**Activity:**
All of the data below should be printed again word for word, pictures excluded.

**Collected material:**
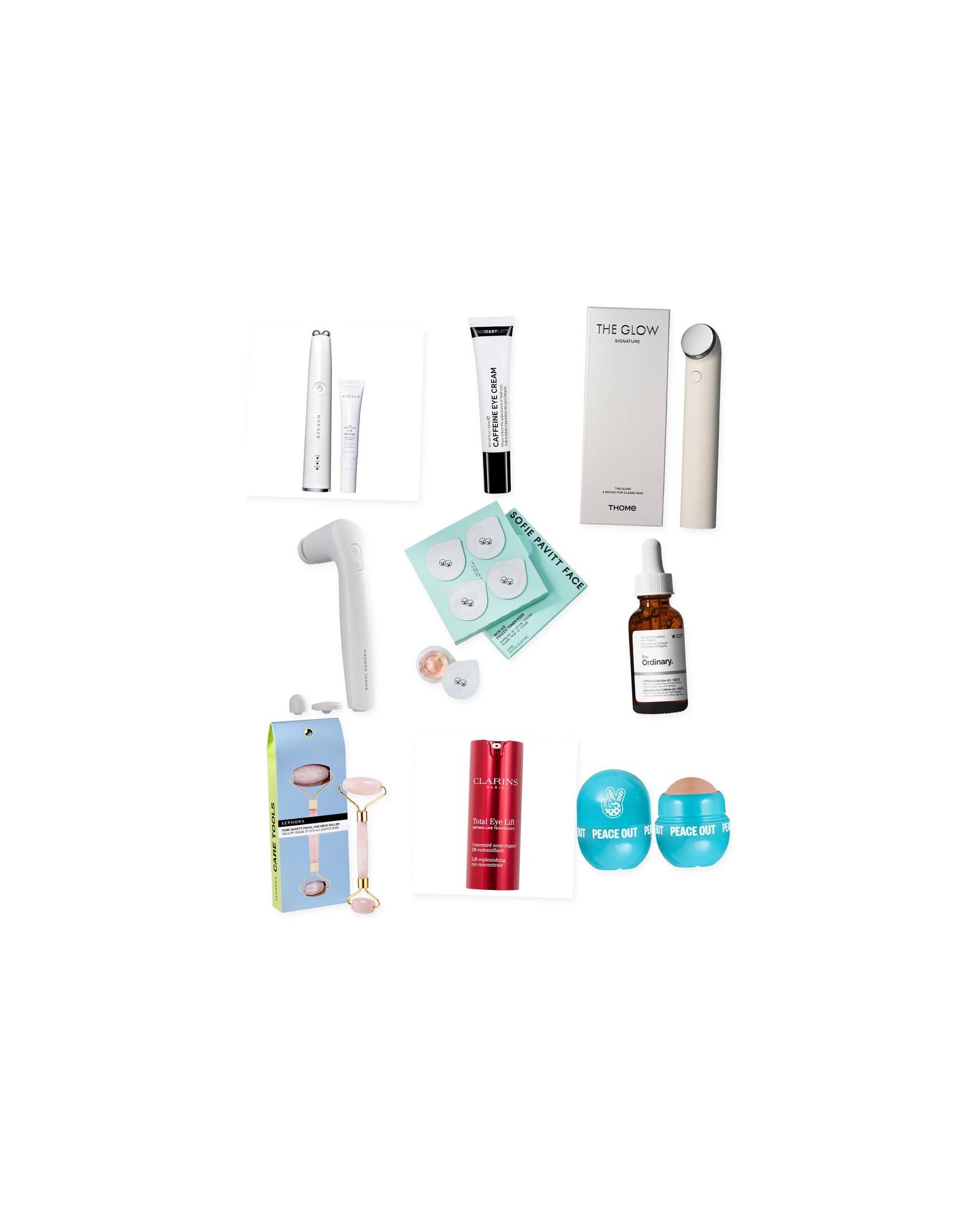 Collage on a white background showing Peace Out Oil Control Reusable Facial Roller For Oily Skin and Shine Control, Thome The Glow SIGNATURE Professional-Grade Ultrasound Skincare Device for Firming, Radiance & Anti-Aging, The INKEY List Caffeine De-puffing + Dark Circle Eye Cream, Sephora Collection Rose Quartz Facial Roller, NuFACE NUFACE® FIX MicroWand Microcurrent Device, Clarins Total Eye Lift Refillable Eye Cream for Firming, Wrinkles, Dark Circles & Puffiness, Sofie Pavitt Face Nice Ice Frozen Cryo Rescue Treatment to Depuff and Calm Skin, Shani Darden Skin Care Facial Sculpting Wand and The Ordinary Caffeine Solution 5% + EGCG Depuffing Eye Serum for Dark Circles.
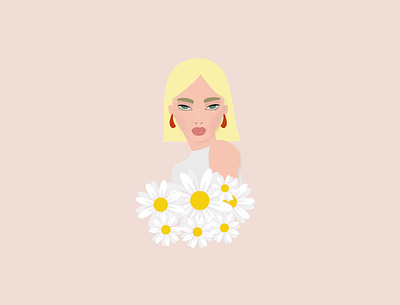 Candice art blondie chamomile character characterdesign flowers girl graphicdesign illustration vector web white yellow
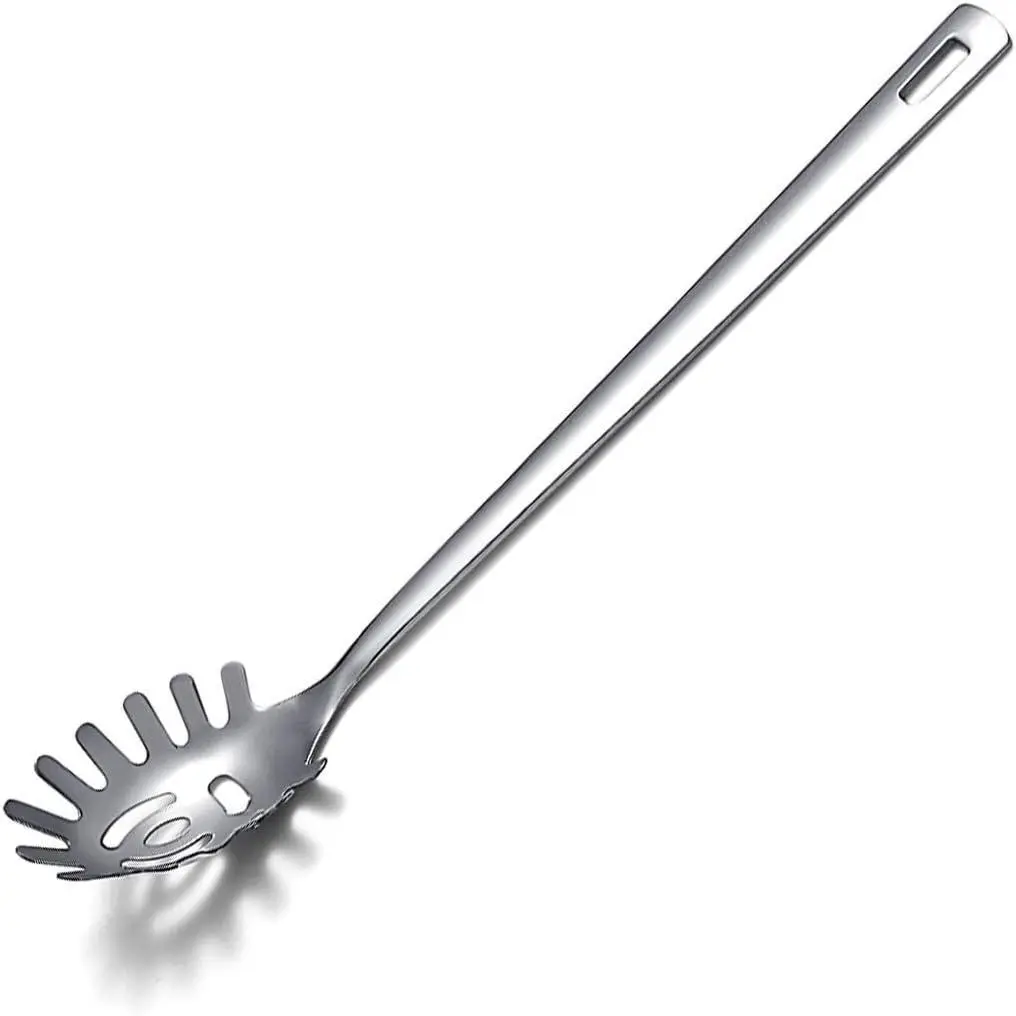 Spaghetti Spoon,  Pasta Server, Stainless Steel Pasta Spoon, Pasta Fork, Noddle Fork, Heat Resistant, Dishwasher Safe, Easy to Clean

**Answer for this exercise:**
 Collage on a white background showing Peace Out Oil Control Reusable Facial Roller For Oily Skin and Shine Control, Thome The Glow SIGNATURE Professional-Grade Ultrasound Skincare Device for Firming, Radiance & Anti-Aging, The INKEY List Caffeine De-puffing + Dark Circle Eye Cream, Sephora Collection Rose Quartz Facial Roller, NuFACE NUFACE® FIX MicroWand Microcurrent Device, Clarins Total Eye Lift Refillable Eye Cream for Firming, Wrinkles, Dark Circles & Puffiness, Sofie Pavitt Face Nice Ice Frozen Cryo Rescue Treatment to Depuff and Calm Skin, Shani Darden Skin Care Facial Sculpting Wand and The Ordinary Caffeine Solution 5% + EGCG Depuffing Eye Serum for Dark Circles.
 Candice art blondie chamomile character characterdesign flowers girl graphicdesign illustration vector web white yellow
 Spaghetti Spoon,  Pasta Server, Stainless Steel Pasta Spoon, Pasta Fork, Noddle Fork, Heat Resistant, Dishwasher Safe, Easy to Clean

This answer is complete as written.